__Task requirements__:
Word for word, reproduce all entries below, leaving every picture out.

Segment Open

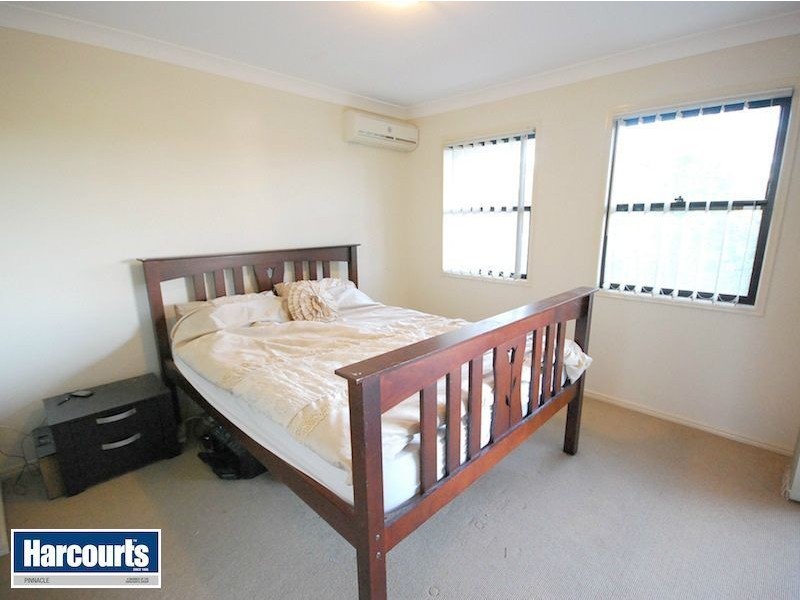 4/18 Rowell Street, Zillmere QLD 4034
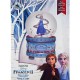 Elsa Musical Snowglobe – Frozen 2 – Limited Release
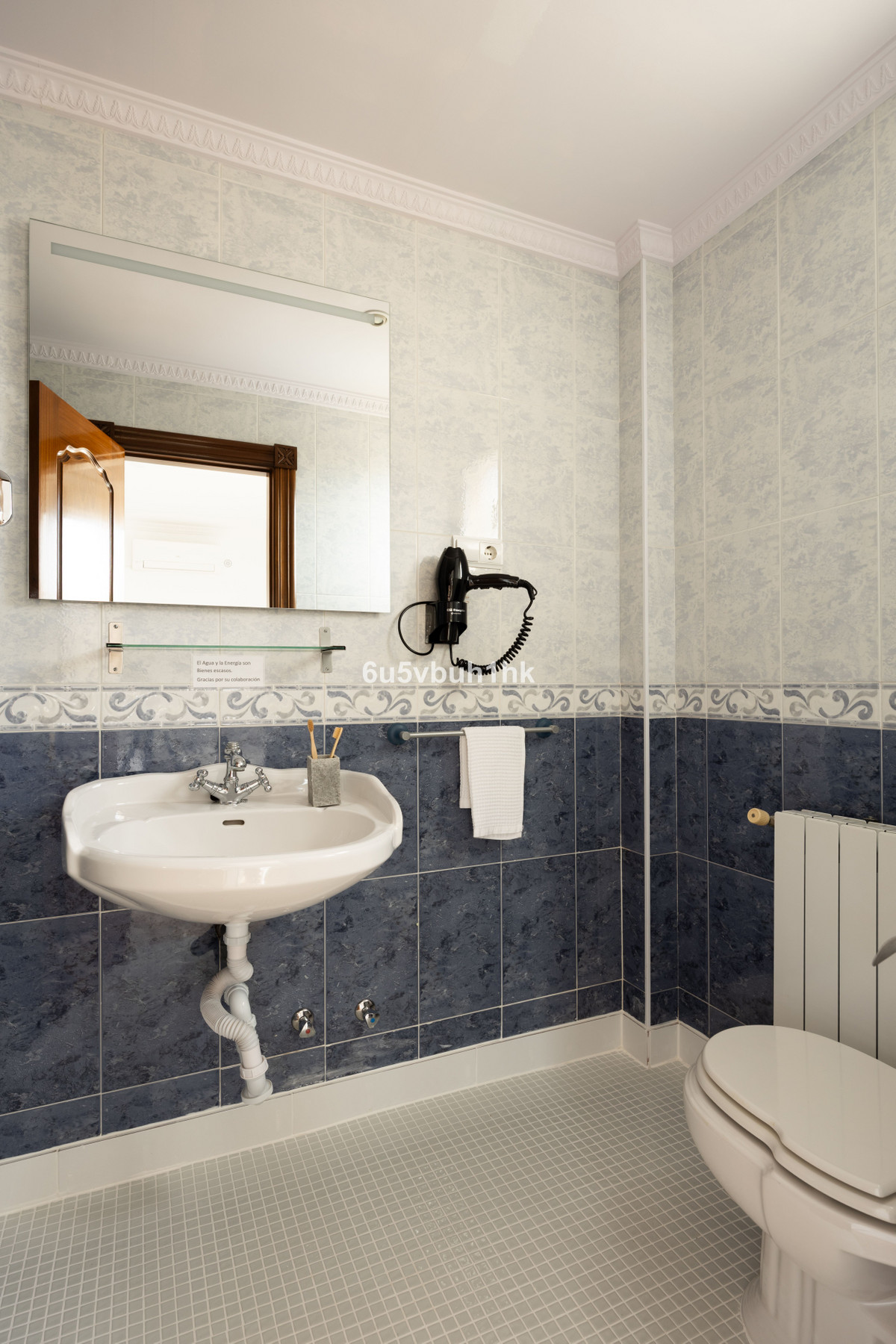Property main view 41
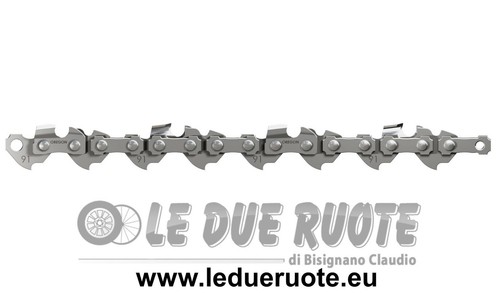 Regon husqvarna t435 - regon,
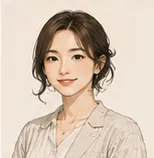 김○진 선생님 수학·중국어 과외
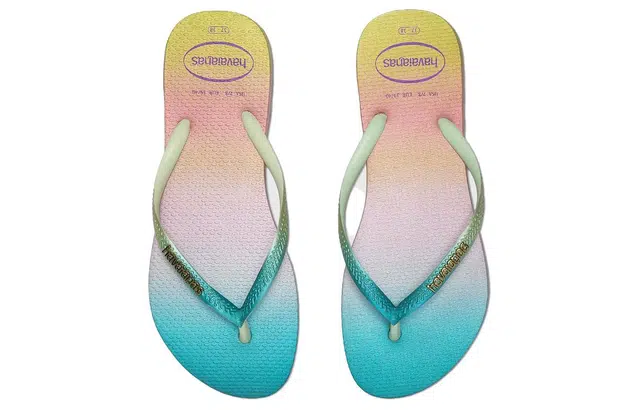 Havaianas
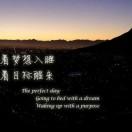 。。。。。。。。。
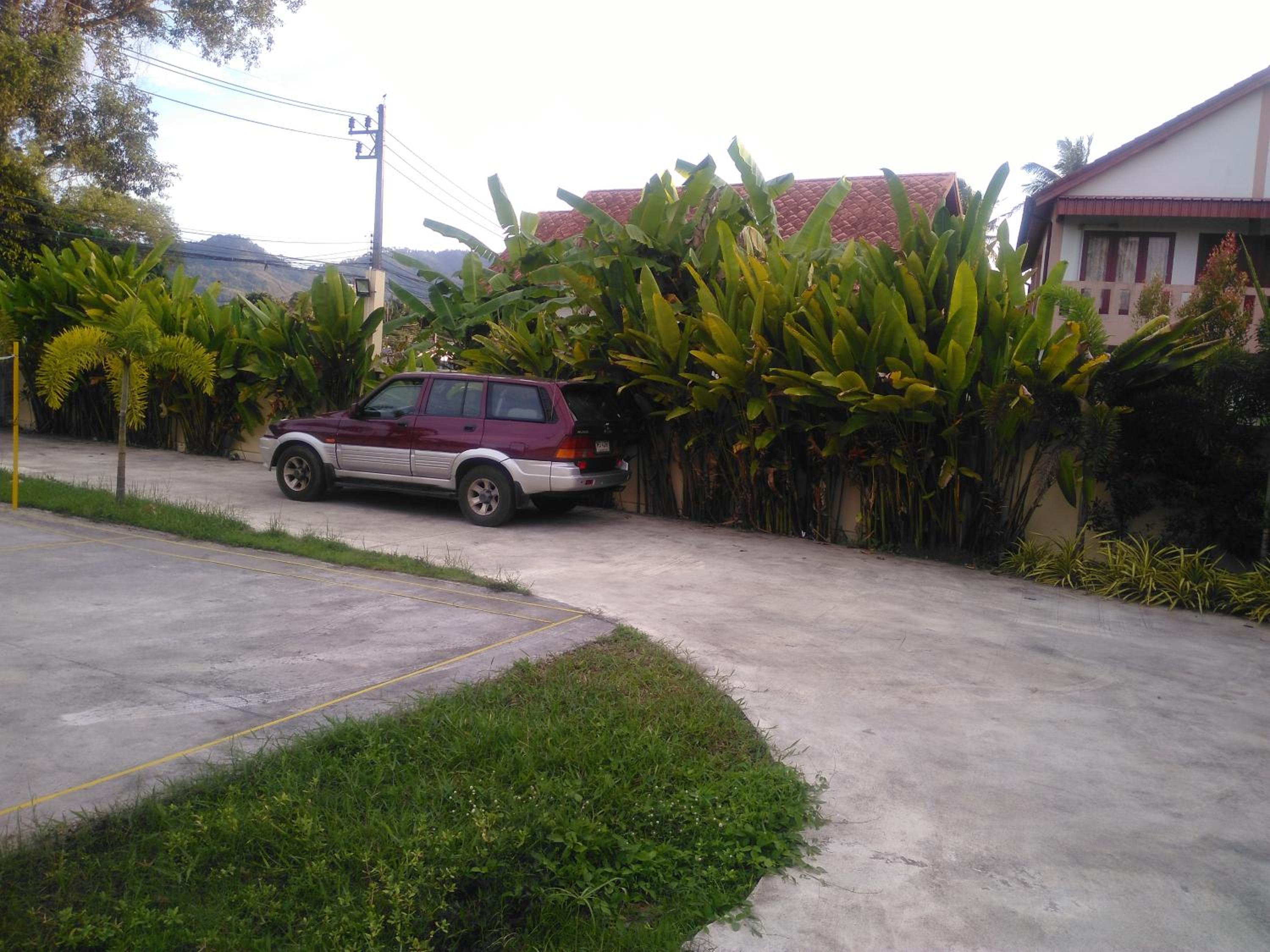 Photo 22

Segment Closed

__Problem solution__:
 4/18 Rowell Street, Zillmere QLD 4034
 Elsa Musical Snowglobe – Frozen 2 – Limited Release
Property main view 41
 Regon husqvarna t435 - regon,
 김○진 선생님 수학·중국어 과외
 Havaianas
 。。。。。。。。。
 Photo 22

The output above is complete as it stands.